**WHAT THE TASK REQUIRES:** Locate, in the data below, the line that contains "Waterside Mosman Bay" and the line that contains "Sun Odyssey 35, Valerina"; reproduce exactly those two lines and every line between them, nothing more.

-=-=-

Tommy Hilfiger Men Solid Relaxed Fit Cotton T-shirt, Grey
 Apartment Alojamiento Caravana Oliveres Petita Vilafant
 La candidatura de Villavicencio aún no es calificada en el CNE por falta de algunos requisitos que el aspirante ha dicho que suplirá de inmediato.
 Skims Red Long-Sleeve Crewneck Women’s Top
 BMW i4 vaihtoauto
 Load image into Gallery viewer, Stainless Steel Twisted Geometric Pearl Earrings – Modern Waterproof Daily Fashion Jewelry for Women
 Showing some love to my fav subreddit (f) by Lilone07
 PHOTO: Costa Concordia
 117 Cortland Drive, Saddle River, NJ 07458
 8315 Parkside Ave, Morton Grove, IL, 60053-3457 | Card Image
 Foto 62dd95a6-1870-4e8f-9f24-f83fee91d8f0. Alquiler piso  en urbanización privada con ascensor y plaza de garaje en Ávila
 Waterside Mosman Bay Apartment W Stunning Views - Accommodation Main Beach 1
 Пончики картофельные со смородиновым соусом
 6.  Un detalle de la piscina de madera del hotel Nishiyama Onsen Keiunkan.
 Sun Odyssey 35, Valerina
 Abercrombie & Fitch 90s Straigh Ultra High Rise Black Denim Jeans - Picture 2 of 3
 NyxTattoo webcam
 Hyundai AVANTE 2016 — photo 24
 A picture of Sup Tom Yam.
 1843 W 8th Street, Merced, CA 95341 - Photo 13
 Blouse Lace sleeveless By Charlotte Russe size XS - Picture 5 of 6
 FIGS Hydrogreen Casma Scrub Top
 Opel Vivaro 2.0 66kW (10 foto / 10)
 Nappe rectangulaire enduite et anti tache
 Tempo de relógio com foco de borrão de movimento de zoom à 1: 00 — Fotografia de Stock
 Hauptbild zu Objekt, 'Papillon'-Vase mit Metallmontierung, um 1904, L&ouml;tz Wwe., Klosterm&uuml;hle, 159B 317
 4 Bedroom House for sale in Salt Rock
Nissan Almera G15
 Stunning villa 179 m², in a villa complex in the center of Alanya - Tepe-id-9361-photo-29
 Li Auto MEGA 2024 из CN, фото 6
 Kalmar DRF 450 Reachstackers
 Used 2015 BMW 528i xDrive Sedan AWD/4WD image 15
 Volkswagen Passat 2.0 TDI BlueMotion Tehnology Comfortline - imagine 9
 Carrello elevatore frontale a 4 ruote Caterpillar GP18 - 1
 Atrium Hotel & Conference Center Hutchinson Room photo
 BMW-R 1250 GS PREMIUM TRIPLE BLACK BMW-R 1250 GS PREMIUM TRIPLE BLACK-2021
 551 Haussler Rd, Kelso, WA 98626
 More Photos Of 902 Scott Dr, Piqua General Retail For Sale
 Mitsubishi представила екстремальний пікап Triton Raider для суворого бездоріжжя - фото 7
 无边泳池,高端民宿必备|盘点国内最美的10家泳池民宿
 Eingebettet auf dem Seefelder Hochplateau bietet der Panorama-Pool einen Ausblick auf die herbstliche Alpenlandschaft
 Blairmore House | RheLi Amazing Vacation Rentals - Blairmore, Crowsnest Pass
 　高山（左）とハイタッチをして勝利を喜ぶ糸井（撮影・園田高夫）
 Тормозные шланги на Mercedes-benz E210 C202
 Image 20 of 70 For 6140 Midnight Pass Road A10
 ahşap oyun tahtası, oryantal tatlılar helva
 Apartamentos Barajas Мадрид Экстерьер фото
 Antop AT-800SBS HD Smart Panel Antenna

-=-=-

**SOLUTION TO THIS EXERCISE:**
 Waterside Mosman Bay Apartment W Stunning Views - Accommodation Main Beach 1
 Пончики картофельные со смородиновым соусом
 6.  Un detalle de la piscina de madera del hotel Nishiyama Onsen Keiunkan.
 Sun Odyssey 35, Valerina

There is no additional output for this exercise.